Work item:
The response must consist of the lines below from the one with "A disabled man" through the one with "A director in", exactly as they appear and with both ends kept.

Items from a data source:
──────────

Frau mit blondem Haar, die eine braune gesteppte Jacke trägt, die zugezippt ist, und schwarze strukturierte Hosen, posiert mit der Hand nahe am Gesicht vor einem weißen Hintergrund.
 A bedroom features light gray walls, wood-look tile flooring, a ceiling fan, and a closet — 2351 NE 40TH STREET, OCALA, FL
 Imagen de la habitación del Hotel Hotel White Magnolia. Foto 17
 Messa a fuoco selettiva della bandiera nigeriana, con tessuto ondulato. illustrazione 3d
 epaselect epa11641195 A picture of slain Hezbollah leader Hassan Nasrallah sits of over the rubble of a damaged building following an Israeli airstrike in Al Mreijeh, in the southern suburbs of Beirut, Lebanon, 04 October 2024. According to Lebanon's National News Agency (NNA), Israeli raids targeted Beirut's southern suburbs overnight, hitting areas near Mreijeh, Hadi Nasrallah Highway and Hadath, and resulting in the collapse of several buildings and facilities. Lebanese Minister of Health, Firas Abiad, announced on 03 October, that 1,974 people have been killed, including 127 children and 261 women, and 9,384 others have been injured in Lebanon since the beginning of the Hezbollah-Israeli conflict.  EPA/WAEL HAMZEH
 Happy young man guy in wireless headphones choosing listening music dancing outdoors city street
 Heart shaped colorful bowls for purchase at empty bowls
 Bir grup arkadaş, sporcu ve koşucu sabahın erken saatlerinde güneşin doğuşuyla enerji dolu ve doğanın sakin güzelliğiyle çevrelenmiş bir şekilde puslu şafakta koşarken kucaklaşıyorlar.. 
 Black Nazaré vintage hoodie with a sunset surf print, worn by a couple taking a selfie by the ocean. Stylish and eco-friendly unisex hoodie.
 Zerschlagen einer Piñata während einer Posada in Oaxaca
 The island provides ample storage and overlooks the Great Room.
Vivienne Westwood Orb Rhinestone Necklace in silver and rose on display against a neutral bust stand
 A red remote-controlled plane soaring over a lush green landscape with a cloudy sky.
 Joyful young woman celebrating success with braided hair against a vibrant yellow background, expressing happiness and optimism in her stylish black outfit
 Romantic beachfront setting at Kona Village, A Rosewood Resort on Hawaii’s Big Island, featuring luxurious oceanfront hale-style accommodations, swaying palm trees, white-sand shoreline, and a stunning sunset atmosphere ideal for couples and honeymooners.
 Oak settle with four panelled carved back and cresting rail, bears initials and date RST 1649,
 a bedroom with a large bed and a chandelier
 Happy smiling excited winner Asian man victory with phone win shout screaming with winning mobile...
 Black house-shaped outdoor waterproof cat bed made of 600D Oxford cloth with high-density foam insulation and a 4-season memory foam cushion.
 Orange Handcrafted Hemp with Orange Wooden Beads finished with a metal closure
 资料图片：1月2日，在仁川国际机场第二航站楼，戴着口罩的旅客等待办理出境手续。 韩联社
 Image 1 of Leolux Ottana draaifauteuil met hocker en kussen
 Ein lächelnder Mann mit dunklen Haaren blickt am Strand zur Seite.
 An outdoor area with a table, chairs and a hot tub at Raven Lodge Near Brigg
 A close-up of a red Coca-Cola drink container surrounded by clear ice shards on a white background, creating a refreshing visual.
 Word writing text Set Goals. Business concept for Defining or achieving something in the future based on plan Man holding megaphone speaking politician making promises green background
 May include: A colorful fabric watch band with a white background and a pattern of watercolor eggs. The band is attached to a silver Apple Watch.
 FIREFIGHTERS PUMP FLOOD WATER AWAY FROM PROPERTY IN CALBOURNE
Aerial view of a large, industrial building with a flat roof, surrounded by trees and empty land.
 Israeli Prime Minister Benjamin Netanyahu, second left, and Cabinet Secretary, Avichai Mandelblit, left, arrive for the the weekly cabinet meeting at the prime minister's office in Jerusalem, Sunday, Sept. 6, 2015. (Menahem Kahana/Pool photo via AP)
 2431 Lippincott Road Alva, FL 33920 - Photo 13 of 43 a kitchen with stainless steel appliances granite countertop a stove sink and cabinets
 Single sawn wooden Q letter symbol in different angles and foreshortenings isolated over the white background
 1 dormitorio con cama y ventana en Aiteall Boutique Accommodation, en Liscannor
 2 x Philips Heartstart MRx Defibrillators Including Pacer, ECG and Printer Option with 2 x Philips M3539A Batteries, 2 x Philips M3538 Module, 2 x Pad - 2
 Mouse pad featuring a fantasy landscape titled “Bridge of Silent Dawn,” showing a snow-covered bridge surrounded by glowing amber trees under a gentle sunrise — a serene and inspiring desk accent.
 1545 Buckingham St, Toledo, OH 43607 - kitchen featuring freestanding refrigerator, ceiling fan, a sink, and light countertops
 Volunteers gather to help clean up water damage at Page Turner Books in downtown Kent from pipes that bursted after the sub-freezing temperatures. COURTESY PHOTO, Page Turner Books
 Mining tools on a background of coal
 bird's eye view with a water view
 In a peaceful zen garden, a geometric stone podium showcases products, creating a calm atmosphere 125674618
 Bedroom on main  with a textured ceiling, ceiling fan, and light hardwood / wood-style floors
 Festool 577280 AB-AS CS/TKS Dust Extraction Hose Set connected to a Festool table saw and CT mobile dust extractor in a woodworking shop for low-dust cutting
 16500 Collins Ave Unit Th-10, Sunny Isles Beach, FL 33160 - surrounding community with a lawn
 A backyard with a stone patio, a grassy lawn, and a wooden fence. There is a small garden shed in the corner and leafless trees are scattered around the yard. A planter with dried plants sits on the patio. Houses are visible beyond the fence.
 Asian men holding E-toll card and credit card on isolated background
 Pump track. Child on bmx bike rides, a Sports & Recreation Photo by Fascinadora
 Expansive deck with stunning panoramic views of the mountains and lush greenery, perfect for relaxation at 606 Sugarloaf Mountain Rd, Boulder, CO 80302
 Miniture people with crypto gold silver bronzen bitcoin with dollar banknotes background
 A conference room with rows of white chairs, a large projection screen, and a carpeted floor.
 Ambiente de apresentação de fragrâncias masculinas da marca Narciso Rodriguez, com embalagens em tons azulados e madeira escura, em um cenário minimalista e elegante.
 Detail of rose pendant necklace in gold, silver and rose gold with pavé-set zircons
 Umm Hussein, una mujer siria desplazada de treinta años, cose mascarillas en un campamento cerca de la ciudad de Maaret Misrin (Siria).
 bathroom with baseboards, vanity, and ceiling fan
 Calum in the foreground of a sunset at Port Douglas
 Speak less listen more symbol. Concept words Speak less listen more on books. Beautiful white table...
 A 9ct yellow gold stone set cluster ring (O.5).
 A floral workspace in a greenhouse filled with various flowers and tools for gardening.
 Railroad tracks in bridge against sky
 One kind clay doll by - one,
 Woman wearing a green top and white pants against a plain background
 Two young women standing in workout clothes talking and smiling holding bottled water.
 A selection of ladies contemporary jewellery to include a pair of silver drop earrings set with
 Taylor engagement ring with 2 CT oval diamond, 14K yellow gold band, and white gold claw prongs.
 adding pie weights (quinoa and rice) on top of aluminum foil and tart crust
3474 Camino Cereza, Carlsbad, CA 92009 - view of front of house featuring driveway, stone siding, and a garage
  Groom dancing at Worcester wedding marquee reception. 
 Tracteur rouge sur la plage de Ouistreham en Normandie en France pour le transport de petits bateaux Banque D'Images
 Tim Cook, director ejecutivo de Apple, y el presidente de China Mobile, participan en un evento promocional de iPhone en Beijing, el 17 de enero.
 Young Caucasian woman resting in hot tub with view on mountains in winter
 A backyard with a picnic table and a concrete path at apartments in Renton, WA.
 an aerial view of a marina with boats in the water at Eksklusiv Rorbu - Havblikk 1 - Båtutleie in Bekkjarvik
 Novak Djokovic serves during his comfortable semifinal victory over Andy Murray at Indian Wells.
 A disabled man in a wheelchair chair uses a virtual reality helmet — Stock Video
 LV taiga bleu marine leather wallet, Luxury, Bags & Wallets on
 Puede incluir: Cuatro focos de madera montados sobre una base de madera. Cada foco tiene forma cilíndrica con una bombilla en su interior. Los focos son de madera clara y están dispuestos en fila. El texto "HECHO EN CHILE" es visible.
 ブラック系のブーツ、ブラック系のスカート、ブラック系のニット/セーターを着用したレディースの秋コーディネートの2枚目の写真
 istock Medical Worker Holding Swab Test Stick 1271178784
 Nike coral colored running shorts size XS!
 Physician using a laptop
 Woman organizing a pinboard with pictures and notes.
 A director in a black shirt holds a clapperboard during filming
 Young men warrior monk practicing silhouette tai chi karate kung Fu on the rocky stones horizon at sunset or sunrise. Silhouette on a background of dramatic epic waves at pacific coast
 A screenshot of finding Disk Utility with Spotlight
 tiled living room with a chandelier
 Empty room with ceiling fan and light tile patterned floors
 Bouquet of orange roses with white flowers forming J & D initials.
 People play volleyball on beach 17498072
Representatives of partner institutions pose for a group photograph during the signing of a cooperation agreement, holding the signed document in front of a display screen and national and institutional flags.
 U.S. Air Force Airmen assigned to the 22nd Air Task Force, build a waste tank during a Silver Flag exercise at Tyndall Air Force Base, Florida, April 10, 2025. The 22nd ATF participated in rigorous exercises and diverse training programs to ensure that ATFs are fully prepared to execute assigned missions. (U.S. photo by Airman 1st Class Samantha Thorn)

──────────

Finished exercise:
 A disabled man in a wheelchair chair uses a virtual reality helmet — Stock Video
 LV taiga bleu marine leather wallet, Luxury, Bags & Wallets on
 Puede incluir: Cuatro focos de madera montados sobre una base de madera. Cada foco tiene forma cilíndrica con una bombilla en su interior. Los focos son de madera clara y están dispuestos en fila. El texto "HECHO EN CHILE" es visible.
 ブラック系のブーツ、ブラック系のスカート、ブラック系のニット/セーターを着用したレディースの秋コーディネートの2枚目の写真
 istock Medical Worker Holding Swab Test Stick 1271178784
 Nike coral colored running shorts size XS!
 Physician using a laptop
 Woman organizing a pinboard with pictures and notes.
 A director in a black shirt holds a clapperboard during filming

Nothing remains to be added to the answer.